Duly making forth across town in efforts to investigate the show, I immediately found myself facing a restored seventeenth century bust of “Nero” upon entering the exhibition, an item which, in being recorded to have been loaned to the British Museum by Italy’s “Musei Capitolini”, stood replete with a chaotic shock of hair, thick side burns and a singularly large nose, glowering down upon those that fell before it’s gaze with what appeared to be a detached expression of workmanlike disdain from it’s podium.


Christened “Lucius Domitius Ahenobarbus” in the years directly succeeding Christ’s crucifixion, “Nero” was, in being recorded to have been the nephew of the emperor “Tiberius”, noted to have lost his father when no more than three years of age, a pretext beneath which his widowed mother “Agrippina” was, upon marrying the emperor “Claudius”, to re-christen him “Nero Claudius Caesar Germanicus”, a term beneath which he was, in marrying a thirteen year old girl named “Claudia Octavia”, witnessed to have been made Emperor when just sixteen years old, an observation that, with regards to the many aspersions subsequently cast over the fourteen year period which then constituted his reign, would suppose that he had lived his life, ‘in a Dickensian sense’, at a dramatically accelerated rate, experiencing all of the obligations conventionally ascribed to maturity when still a boy.

Upon passing the emperor’s bust I found myself standing in a room pinioned with a series of life sized statues who were conceived to represent various member of the “Julio Claudian” family from which “Nero” was descended, a consortium of interests that, in having assisted in the youthful ruler’s meteoric rise to success, gave some indication as to how Roman families may once have bonded in unanimous support of their youngest members, organizing marriages and establishing vocational training in efforts to secure province throughout successive generations of their respective lines.

Nero” was, in this instance, noted to be the last male heir of “Augustus”, an emperor who, in himself, having been descended from “Julius Ceasar’s” family, was very much a part of what is currently perceived to be the Roman aristocratic tradition replete with it’s boards of senators, advisors, prefects and officials, an instance in which “Nero” was notably thought to have been tutored by the Stoic philosopher “Seneca” during his youth, a man who, in having been exiled to Corsica for allegedly plotting against “Nero’s” adopted father, was later restored to grace by his mother and placed in charge of the young emperor’s education .
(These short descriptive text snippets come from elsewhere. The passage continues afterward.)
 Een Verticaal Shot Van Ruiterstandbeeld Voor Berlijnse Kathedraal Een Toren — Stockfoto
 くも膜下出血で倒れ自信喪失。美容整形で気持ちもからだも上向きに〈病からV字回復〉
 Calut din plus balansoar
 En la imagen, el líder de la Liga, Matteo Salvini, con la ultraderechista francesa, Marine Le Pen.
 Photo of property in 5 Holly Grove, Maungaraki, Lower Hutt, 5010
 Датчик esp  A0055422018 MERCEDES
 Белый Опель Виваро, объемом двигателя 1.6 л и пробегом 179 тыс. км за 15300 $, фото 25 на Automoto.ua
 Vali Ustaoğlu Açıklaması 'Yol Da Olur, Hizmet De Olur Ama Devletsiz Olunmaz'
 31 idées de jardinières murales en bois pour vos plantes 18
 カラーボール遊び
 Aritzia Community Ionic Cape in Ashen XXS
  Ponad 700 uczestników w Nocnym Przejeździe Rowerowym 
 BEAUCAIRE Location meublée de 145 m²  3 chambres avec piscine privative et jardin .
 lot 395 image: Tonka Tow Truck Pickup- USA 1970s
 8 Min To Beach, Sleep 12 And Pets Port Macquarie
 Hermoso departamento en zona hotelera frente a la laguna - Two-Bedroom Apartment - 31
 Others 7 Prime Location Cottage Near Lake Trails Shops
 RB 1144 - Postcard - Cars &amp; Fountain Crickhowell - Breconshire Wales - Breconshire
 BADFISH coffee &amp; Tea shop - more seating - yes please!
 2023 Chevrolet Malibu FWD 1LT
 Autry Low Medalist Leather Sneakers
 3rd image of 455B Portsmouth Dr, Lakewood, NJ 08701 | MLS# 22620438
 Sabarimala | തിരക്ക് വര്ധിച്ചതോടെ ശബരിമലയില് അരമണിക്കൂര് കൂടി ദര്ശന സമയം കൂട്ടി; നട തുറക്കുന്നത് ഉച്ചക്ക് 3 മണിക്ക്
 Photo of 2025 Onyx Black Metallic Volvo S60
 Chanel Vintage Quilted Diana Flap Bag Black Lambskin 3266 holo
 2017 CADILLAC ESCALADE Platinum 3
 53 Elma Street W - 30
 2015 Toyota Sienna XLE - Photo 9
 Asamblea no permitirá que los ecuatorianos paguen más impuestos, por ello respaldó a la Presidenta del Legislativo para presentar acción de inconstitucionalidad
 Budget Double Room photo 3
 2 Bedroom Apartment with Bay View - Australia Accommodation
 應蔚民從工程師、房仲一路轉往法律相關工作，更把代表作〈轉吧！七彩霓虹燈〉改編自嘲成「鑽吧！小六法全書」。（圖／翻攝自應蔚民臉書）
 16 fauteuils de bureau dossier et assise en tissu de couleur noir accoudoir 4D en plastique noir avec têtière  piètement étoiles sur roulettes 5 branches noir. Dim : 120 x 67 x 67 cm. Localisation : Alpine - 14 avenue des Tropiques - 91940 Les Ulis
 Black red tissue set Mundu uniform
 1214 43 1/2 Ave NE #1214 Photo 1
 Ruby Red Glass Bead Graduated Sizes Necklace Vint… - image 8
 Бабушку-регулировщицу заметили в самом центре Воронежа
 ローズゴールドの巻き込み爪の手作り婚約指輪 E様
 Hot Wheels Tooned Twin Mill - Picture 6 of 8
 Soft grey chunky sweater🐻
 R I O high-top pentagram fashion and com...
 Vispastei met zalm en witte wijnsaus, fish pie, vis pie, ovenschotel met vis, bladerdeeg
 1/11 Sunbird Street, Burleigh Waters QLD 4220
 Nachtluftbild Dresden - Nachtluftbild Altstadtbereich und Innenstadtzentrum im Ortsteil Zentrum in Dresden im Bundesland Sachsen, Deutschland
In keeping with the general attitude which Romans were inclined to espouse towards such matters, “Claudius” was, in this instance, observed to have minted a series of coins embossed with images of both “Nero” and “Agrippina” upon their faces and to have commissioned a number of statues depicting the pair, a process through which the relationship that the two shared with each other was witnessed to have entered history as a well recorded fact.

Nero’s” own children were, with regards to such matters, also noted to have been honored in a similar manner to the emperor himself, an endearing statue of his daughter “Claudia Augusta” playing with a silk moth taking pride of place among the catalog of artifacts on display at the exhibition, an effigy which, in being found among the ruins of “Claudius” palace in “Baiae”, was observed to bear more than a passing resemblance to that of a gnome like lantern bearing child cast into the river Tiber at approximately the same time, both objects representing evidence to suggest that, in actively apprenticing infants into trades and guilds, Roman households revered their young with what would later become an almost Trinitarian degree of esteem.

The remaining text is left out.